» **Data to process**:
══════

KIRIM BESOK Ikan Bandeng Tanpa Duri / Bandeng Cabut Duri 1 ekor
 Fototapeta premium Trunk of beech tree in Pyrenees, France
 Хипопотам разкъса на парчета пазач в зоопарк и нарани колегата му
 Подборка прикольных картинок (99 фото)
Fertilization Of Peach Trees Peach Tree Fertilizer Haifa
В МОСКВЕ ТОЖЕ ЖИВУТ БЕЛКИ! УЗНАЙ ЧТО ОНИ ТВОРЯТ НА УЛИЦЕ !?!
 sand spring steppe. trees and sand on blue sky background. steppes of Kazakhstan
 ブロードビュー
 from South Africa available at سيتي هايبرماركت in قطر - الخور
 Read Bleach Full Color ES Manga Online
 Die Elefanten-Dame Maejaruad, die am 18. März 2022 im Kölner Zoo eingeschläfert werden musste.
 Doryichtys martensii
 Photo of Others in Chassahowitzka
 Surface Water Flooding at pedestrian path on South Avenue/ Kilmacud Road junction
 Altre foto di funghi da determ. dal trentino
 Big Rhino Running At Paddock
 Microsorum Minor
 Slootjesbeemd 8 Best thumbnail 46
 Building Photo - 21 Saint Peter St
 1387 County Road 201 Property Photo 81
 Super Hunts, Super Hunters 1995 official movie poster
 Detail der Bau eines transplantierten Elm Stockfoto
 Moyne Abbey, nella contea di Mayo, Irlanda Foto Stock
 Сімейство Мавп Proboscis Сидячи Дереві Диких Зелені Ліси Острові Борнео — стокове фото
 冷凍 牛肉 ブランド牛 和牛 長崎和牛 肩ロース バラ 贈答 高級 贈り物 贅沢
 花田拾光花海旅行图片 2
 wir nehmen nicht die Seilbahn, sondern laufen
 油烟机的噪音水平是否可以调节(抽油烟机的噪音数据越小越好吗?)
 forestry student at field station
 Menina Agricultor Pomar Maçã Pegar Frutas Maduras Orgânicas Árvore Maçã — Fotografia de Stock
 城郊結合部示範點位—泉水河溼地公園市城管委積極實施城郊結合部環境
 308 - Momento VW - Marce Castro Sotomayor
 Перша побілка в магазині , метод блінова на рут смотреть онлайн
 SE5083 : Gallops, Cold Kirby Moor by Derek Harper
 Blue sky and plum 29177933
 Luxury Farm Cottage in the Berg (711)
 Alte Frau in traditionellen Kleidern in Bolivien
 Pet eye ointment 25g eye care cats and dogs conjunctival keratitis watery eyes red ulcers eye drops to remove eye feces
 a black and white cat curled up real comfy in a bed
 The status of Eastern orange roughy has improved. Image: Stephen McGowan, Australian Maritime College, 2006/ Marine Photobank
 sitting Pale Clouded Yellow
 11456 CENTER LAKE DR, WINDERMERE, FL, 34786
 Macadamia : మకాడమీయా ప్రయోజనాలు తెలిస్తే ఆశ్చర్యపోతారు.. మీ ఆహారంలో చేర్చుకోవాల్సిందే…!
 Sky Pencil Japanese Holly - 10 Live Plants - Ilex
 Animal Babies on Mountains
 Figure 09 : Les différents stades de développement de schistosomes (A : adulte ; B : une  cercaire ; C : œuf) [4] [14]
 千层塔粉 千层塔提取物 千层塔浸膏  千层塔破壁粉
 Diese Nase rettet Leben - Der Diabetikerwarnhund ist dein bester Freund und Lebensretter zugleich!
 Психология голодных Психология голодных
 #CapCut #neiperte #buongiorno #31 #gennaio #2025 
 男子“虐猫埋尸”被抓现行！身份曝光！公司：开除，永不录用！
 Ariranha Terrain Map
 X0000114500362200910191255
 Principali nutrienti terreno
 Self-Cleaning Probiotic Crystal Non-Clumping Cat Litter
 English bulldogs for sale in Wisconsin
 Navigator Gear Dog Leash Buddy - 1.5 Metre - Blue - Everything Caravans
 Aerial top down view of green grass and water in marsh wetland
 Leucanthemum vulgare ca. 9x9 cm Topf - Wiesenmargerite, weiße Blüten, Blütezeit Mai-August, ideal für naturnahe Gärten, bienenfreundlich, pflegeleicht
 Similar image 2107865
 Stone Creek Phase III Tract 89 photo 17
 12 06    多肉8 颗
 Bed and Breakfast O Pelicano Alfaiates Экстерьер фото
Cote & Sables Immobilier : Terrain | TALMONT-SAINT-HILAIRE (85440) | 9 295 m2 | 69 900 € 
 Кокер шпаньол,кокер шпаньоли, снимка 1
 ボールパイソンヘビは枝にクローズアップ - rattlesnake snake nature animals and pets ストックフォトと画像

══════

» **About this task**: The lines above starting at the one that contains "Read Bleach Full Color ES Manga Online" and ending at the one that contains "Surface Water Flooding" must be transcribed exactly, and no other lines may appear.

» **Finished exercise**:
 Read Bleach Full Color ES Manga Online
 Die Elefanten-Dame Maejaruad, die am 18. März 2022 im Kölner Zoo eingeschläfert werden musste.
 Doryichtys martensii
 Photo of Others in Chassahowitzka
 Surface Water Flooding at pedestrian path on South Avenue/ Kilmacud Road junction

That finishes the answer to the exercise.